RECORDS PROVIDED
┏━━

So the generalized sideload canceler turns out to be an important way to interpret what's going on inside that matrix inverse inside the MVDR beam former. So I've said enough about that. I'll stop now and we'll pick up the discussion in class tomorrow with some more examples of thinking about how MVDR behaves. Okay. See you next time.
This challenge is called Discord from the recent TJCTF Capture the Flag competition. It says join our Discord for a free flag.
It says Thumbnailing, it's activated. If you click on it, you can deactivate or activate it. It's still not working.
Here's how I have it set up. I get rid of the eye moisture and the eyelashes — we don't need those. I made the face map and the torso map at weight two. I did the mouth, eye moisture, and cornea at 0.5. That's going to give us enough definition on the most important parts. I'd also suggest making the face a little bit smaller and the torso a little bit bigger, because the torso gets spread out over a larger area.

┗━━
┏━━

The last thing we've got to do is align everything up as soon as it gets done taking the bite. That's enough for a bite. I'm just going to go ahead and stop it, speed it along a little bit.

┗━━

REQUIRED WORK
Give solely the number of lines in the data that contain the string "gets".

REPLY
2